#### [Data extracts]
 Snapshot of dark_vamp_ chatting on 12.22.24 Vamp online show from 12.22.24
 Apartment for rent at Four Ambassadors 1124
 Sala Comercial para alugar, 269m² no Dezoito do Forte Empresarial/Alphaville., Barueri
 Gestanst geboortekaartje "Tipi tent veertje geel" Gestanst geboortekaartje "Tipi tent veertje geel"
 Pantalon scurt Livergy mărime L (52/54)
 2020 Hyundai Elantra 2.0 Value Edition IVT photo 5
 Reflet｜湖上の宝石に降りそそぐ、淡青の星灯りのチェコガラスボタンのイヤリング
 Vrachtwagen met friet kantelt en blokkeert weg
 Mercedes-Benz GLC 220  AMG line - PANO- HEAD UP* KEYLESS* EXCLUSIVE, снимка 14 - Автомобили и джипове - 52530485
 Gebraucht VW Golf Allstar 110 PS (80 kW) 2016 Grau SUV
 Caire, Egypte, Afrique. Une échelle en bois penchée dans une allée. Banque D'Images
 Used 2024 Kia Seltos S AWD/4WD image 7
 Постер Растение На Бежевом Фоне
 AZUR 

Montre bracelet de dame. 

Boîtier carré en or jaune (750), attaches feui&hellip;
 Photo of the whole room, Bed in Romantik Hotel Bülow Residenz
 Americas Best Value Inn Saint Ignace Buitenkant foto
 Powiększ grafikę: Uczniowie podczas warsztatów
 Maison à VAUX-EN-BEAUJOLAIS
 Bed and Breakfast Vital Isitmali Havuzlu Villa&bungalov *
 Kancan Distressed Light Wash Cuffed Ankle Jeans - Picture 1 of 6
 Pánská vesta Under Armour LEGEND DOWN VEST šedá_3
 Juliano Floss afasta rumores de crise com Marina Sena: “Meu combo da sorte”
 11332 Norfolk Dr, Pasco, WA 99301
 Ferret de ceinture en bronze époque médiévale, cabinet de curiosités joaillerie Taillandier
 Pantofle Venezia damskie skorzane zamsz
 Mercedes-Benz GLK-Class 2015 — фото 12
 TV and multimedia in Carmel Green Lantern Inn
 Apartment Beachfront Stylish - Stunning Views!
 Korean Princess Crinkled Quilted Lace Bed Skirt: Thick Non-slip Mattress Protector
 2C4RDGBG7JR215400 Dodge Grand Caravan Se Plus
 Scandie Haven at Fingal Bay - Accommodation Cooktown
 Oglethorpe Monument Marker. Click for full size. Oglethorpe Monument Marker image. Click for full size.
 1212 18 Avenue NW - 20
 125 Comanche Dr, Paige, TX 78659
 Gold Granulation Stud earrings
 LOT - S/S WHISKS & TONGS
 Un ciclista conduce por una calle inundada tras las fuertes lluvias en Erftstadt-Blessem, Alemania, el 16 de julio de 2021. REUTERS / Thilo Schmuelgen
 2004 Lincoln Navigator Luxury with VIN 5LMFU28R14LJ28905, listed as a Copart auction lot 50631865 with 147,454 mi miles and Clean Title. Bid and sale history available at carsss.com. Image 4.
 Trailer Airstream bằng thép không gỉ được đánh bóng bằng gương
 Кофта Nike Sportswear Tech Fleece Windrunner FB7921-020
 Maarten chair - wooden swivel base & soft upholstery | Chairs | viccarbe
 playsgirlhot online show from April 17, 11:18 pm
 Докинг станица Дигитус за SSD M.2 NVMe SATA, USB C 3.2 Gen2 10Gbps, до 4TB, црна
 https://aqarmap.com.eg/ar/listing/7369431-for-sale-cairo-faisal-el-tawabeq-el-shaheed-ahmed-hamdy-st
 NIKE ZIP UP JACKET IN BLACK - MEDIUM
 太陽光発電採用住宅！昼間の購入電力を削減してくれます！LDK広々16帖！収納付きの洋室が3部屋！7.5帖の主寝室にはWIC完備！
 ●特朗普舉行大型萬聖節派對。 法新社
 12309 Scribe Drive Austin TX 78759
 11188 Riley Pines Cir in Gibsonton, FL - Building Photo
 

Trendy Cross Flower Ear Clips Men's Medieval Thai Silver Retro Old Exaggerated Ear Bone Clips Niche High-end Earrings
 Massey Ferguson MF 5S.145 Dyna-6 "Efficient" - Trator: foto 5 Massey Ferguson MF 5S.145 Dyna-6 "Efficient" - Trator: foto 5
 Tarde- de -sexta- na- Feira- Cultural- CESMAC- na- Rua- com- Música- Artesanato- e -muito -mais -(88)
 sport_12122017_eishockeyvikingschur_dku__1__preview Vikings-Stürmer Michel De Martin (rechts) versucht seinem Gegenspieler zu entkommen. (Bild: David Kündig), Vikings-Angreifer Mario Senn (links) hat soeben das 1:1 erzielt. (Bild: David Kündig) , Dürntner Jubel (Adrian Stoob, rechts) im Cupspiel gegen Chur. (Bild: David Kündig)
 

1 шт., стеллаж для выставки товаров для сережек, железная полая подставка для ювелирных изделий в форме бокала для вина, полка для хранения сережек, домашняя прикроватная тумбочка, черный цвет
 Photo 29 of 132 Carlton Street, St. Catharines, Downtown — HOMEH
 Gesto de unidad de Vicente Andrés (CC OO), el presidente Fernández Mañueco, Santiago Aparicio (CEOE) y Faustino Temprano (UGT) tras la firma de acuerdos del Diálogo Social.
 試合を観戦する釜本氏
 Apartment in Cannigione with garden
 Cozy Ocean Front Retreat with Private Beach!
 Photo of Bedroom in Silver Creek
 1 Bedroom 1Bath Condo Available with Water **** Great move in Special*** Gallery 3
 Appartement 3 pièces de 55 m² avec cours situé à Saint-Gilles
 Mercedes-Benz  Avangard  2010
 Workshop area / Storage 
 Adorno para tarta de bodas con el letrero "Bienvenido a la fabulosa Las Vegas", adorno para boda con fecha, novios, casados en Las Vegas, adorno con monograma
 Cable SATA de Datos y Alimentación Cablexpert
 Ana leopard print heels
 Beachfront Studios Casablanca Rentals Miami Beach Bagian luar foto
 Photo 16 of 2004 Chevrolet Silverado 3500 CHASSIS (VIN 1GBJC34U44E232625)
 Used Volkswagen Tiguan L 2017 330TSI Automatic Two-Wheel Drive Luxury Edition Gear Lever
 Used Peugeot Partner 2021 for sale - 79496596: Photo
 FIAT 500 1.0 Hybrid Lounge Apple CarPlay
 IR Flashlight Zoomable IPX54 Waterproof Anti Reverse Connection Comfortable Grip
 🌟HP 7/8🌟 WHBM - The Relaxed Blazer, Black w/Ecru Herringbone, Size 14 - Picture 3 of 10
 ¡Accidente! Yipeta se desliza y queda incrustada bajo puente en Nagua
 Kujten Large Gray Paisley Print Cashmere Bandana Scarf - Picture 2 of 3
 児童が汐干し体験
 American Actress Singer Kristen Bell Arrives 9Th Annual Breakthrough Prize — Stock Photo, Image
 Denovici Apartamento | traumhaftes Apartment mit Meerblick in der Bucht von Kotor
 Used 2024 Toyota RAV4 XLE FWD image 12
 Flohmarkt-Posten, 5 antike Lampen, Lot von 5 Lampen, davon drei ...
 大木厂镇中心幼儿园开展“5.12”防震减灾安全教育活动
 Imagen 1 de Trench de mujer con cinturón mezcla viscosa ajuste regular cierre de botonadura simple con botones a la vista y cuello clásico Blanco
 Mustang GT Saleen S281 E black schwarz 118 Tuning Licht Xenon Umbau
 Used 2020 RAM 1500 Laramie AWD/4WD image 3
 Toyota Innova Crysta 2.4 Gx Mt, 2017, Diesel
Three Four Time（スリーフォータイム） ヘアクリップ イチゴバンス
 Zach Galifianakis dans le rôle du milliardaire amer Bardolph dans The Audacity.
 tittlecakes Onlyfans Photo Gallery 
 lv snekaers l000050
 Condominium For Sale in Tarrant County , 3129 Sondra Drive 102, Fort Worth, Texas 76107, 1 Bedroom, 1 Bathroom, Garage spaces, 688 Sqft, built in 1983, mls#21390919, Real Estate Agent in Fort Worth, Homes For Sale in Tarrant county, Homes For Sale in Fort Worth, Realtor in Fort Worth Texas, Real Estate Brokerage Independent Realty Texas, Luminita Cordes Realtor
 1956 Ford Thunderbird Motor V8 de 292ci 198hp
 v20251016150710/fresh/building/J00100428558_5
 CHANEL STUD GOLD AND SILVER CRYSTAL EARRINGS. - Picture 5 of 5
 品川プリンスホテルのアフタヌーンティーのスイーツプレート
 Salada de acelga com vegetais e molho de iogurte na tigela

#### [Activity]
Return a word-for-word copy of the lines above from the one holding "Pantalon scurt Livergy mărime L (52/54)" through the one holding "Un ciclista conduce", with both of them included and nothing besides.

#### [Result]
 Pantalon scurt Livergy mărime L (52/54)
 2020 Hyundai Elantra 2.0 Value Edition IVT photo 5
 Reflet｜湖上の宝石に降りそそぐ、淡青の星灯りのチェコガラスボタンのイヤリング
 Vrachtwagen met friet kantelt en blokkeert weg
 Mercedes-Benz GLC 220  AMG line - PANO- HEAD UP* KEYLESS* EXCLUSIVE, снимка 14 - Автомобили и джипове - 52530485
 Gebraucht VW Golf Allstar 110 PS (80 kW) 2016 Grau SUV
 Caire, Egypte, Afrique. Une échelle en bois penchée dans une allée. Banque D'Images
 Used 2024 Kia Seltos S AWD/4WD image 7
 Постер Растение На Бежевом Фоне
 AZUR 

Montre bracelet de dame. 

Boîtier carré en or jaune (750), attaches feui&hellip;
 Photo of the whole room, Bed in Romantik Hotel Bülow Residenz
 Americas Best Value Inn Saint Ignace Buitenkant foto
 Powiększ grafikę: Uczniowie podczas warsztatów
 Maison à VAUX-EN-BEAUJOLAIS
 Bed and Breakfast Vital Isitmali Havuzlu Villa&bungalov *
 Kancan Distressed Light Wash Cuffed Ankle Jeans - Picture 1 of 6
 Pánská vesta Under Armour LEGEND DOWN VEST šedá_3
 Juliano Floss afasta rumores de crise com Marina Sena: “Meu combo da sorte”
 11332 Norfolk Dr, Pasco, WA 99301
 Ferret de ceinture en bronze époque médiévale, cabinet de curiosités joaillerie Taillandier
 Pantofle Venezia damskie skorzane zamsz
 Mercedes-Benz GLK-Class 2015 — фото 12
 TV and multimedia in Carmel Green Lantern Inn
 Apartment Beachfront Stylish - Stunning Views!
 Korean Princess Crinkled Quilted Lace Bed Skirt: Thick Non-slip Mattress Protector
 2C4RDGBG7JR215400 Dodge Grand Caravan Se Plus
 Scandie Haven at Fingal Bay - Accommodation Cooktown
 Oglethorpe Monument Marker. Click for full size. Oglethorpe Monument Marker image. Click for full size.
 1212 18 Avenue NW - 20
 125 Comanche Dr, Paige, TX 78659
 Gold Granulation Stud earrings
 LOT - S/S WHISKS & TONGS
 Un ciclista conduce por una calle inundada tras las fuertes lluvias en Erftstadt-Blessem, Alemania, el 16 de julio de 2021. REUTERS / Thilo Schmuelgen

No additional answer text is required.